July 2015
Nonesuch Records 2-548243
Format: CD
Musical Performance
Sound Quality
Overall Enjoyment
Close harmony lives at the heart of rural American music, a reflection of the fact that, in its early years, it was frequently created by family members or friends -- as much self-entertainment as anything meant to share with others.
Heirs to the tradition, Rodney Crowell and Emmylou Harris began to blend their voices in 1975, when he joined her Hot Band. Though he was originally hired as a guitarist, Crowell's role quickly expanded to songwriter and duet partner. Although he left the Hot Band after two years, they remained entwined due to the number of Crowell songs in Harris's repertoire and a couple of duets in the early 2000s.
Given her reputation as an avid collaborator, it is surprising that it took until 2013 for Harris and Crowell to reunite for a full album, but that year's Old Yellow Moon, which reprised their 1975 duet "Blueberry Wine," felt pre-destined. Their voices fit together as tightly as Harris's did with Gram Parsons', and you could hear the smiles and hugs between the songs.
Similarly, it is no surprise that Harris and Crowell have followed the Grammy Award-winning Old Yellow Moon with a second set of duets, given the success of the 2013 release and the sparks that flew during their joint tour -- many of which were struck by Australian guitarist Jedd Hughes, who is all over this record.
What is surprising is how flat The Traveling Kind sounds compared to Old Yellow Moon and Crowell's brilliant (and overlooked) 2014 album, Tarpaper Sky. The original material -- a total of nine songs -- is not as strong or as engaging, and the bonhomie between the two principals seems a bit forced.
But the major issue is Harris's role, and the way that producer Joe Henry and engineer Justin Niebank mixed her voice. It speaks to a knotty problem related to Harris's career.
It took a long time for her to move beyond the long shadow of Parsons after his fatal drug overdose in 1973. Even with hits of her own with the Hot Band, she was often portrayed as the gorgeous former harmony vocalist, mourning the loss of her doomed mentor/boyfriend. Her decision to surround herself with other charismatic Southern alpha males like Crowell and Ricky Skaggs, and spend as much time as she did providing background vocals, did not help. It was not until she teamed with Canadian producer Daniel Lanois for her genre-bending 1995 gem, Wrecking Ball, that she fully established herself as a star in her own right. Follow-up solo albums like Red Dirt Girl and Stumble into Grace, both of which showcased her own compositions, moved her further into the spotlight. For someone who sounds so assured and distinctive on her own solo recordings, it is odd to hear her reduced again to little more than vocal color on much of The Traveling Kind.

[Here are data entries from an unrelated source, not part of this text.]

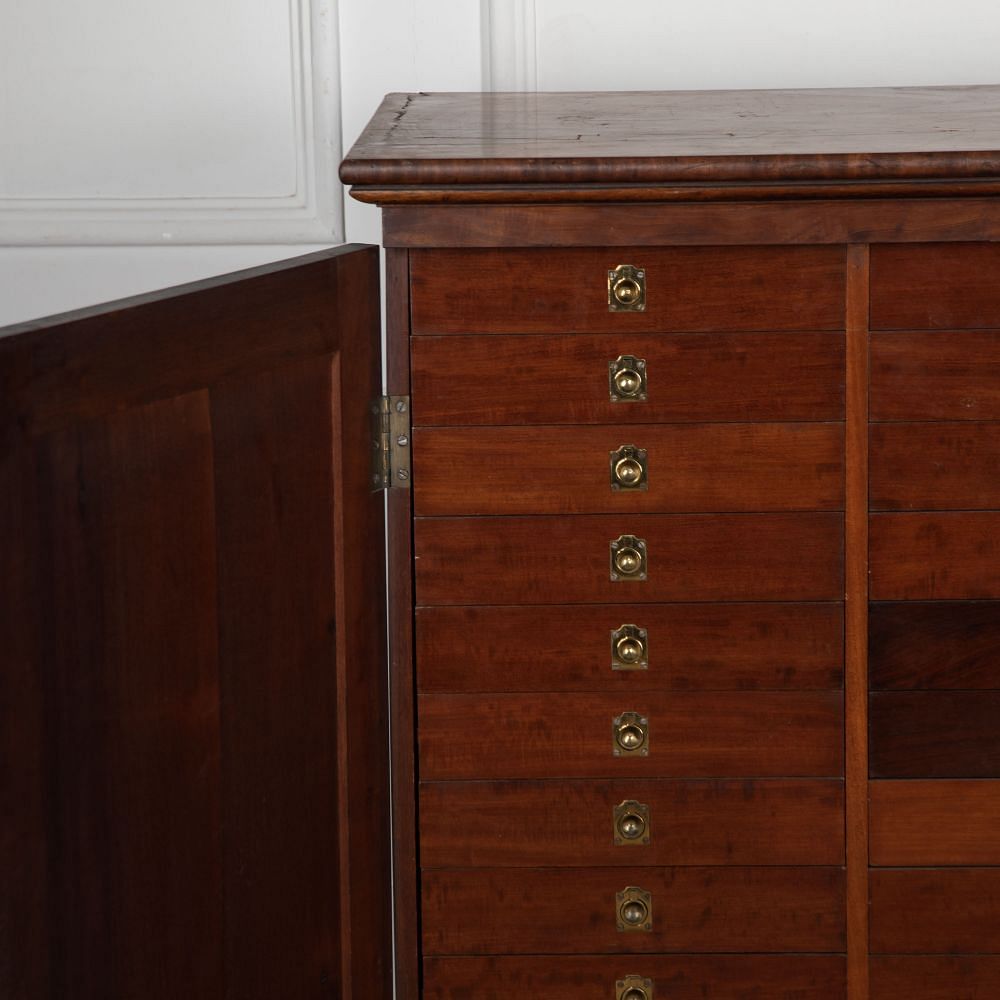 19th Century English Flame Mahogany Collectors Cabinet CC991764
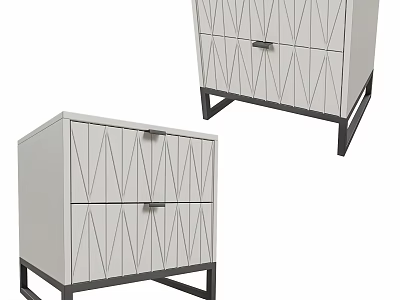 Modern Bedside Nightstand With Geometric Pattern Drawers And Black Metal Legs Design 3d model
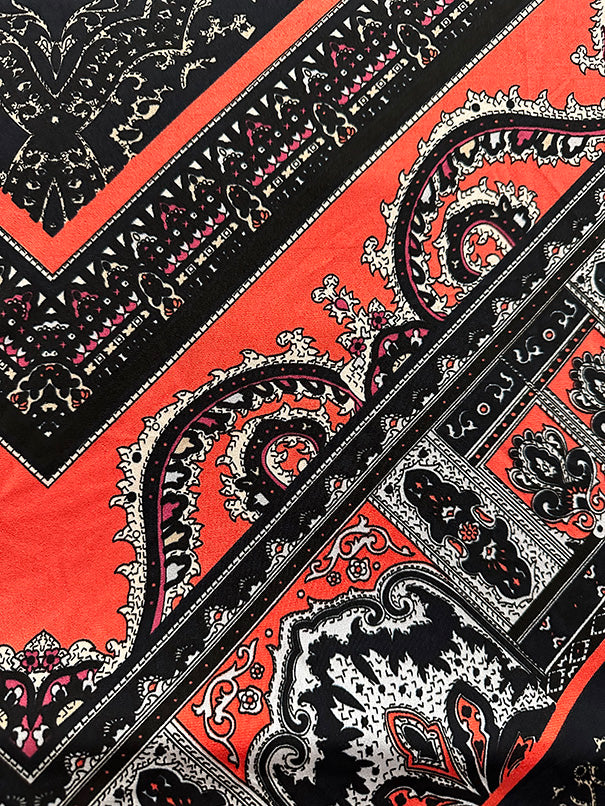 Hot Pink Multi Geometric Print ITY Jersey Knit Fabric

The most prominent example of how this sounds like warmed-over Old Yellow Moon is Crowell's "If You Lived Here, You'd Be Home Now." The title should be a clue. One of the most intelligent and erudite lyricists in contemporary country music, Crowell seldom stoops to using anything as lame as a hackneyed real estate slogan as a hook. Designed as an old-fashioned honky-tonk duet, the piece lacks the charm and fire of the best performances by country's leading male-female teams.
On "The Weight of the World" and "Just Pleasing You" Crowell carries the mail, while on "Bring It on Home to Memphis" Harris's role is to deliver a clumsy-sounding spoken-word bridge. She does get two solo features -- "Higher Mountains," written by Crowell and Will Jennings, and Amy Allison's "Her Hair Was Red," but they seem oddly placed on an album of duets.
A cover of Lucinda Williams's early "I Just Wanted to See You So Bad" has none of the lust and breathless wonder of the original, and it is a song that does not lend itself to being sung as a duet; it is, after all, a song about someone giving themselves to a near-stranger. It has nothing to do with equality.
Crowell's "No Memories Hanging 'Round" really hits the mark, with compelling fiddle accompaniment by Larry Franklin and fabulous, soaring vocal work on the final chorus. The only other pieces that stand up to the best of Old Yellow Moon bookend the album -- the self-referential title song and the charming "Le Danse de la Joie," a Cajun-influenced piece that casts Crowell and Harris as an aging-but-still-randy couple alone in their kitchen with some dance music and a favorite biscuit recipe.
While the way Harris's voice is placed in the mix is likely an artistic decision, the overall sound seems more like a lack of thorough thinking. While the instrumental and vocal placement sounds pleasant enough on headphones, it creates an overly boomy result when played through speakers at a volume suited to honky-tonk duets.